Task brief: Set down exactly the lines below, from the one containing "η βενζίνη [Βίντεο]" through the final line, and include no others.

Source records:

____________________

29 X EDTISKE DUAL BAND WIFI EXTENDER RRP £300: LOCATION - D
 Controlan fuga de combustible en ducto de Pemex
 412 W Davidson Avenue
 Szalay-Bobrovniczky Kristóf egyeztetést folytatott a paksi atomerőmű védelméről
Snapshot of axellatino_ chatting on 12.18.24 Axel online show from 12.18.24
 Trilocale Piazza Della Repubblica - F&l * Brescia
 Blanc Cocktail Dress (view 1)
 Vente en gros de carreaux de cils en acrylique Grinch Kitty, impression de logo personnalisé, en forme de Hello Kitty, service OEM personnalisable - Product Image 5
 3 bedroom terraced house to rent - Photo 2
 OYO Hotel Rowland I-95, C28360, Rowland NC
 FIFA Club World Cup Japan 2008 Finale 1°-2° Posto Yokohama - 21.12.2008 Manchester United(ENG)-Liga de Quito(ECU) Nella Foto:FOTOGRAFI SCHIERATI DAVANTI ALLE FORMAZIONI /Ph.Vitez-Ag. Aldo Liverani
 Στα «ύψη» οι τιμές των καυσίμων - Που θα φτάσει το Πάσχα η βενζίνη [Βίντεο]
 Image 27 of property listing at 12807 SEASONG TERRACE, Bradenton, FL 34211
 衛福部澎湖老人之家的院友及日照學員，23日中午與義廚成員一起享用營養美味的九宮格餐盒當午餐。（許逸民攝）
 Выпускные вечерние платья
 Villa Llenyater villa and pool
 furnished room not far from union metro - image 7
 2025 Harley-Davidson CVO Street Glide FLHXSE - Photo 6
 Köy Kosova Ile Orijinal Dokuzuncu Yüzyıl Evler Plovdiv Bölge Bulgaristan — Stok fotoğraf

____________________

Task response:
 Στα «ύψη» οι τιμές των καυσίμων - Που θα φτάσει το Πάσχα η βενζίνη [Βίντεο]
 Image 27 of property listing at 12807 SEASONG TERRACE, Bradenton, FL 34211
 衛福部澎湖老人之家的院友及日照學員，23日中午與義廚成員一起享用營養美味的九宮格餐盒當午餐。（許逸民攝）
 Выпускные вечерние платья
 Villa Llenyater villa and pool
 furnished room not far from union metro - image 7
 2025 Harley-Davidson CVO Street Glide FLHXSE - Photo 6
 Köy Kosova Ile Orijinal Dokuzuncu Yüzyıl Evler Plovdiv Bölge Bulgaristan — Stok fotoğraf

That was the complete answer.